Want a bound copy plus a PDF? That's $76.50.

Just the bound copy is $58.50 if you order it on the web.

Just the PDF? $50.00.

A PDF of a single chapter? Download it for $4.10.

And you just want to read the thing online? That may be a tad inconvenient, but you can't beat the price. It's free. Up to and including the full report with all appendices.

Such a pricing scheme -- directly related both to product and to cost of production -- is rarer than I used to think. If you pay attention to unit prices in the grocery store or the Walmart, you've probably found that the largest package isn't always the best deal. (You've probably also found that the "units" they price by are neither consistent nor entirely logical, but that's another conversation.)

In this Internet age of ours, lots and lots of perfectly good information is available for free. (At least in terms of marginal cash cost to the consumer.) So a non-zero price for information per se can be off-putting. But a book, or a PDF that you can print into a book, that's something additional. And the fact that you could have gotten it for free (but chose not to) makes any pricing almost inherently acceptable.

Of course, I also like the fact that the pricing at least loosely correlates to the amount of greenhouse gas produced. Printing and shipping information is inherently inefficient/energy consumptive. It's especially so when the printouts go to large numbers of people, most of whom use the info only rarely (if at all). This pricing (implemented by the National Academies Press) sends a lot of right signals.

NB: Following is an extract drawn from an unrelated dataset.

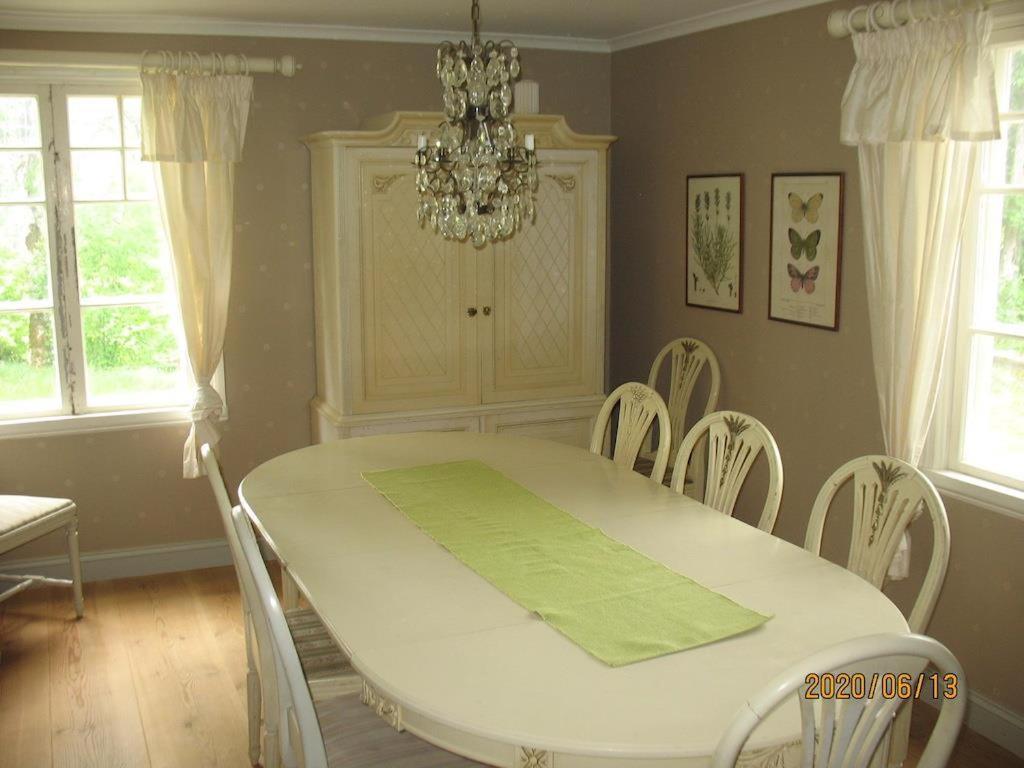 Amazing Home In Mellerud With 4 Bedrooms And Wifi Exteriér fotografie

One of our sustainability successes here at Greenback is that we've gotten the campus community (as a rule -- there are still a few dead-enders) to use emails and web pages instead of hard copy for on-campus information sharing. (Event promotion and "general interest" announcements are typical.) Most folks don't attend the events, don't read the announcements, haven't for years. Putting the info on the web both saves paper/energy and decreases the faculty/staff aggravation factor from internal junk mail.

Somewhat similar, although politically more sensitive, has been elimination of our campus directory ("phone book", although for students it hasn't included phone numbers for years). Everything that used to be published in the directory is available, easier to find, and more up-to-date online. The only exception is some ads from businesses targeting students, and the advertising revenue never covered the full cost of publication, anyway.

Sometimes, change isn't all that hard.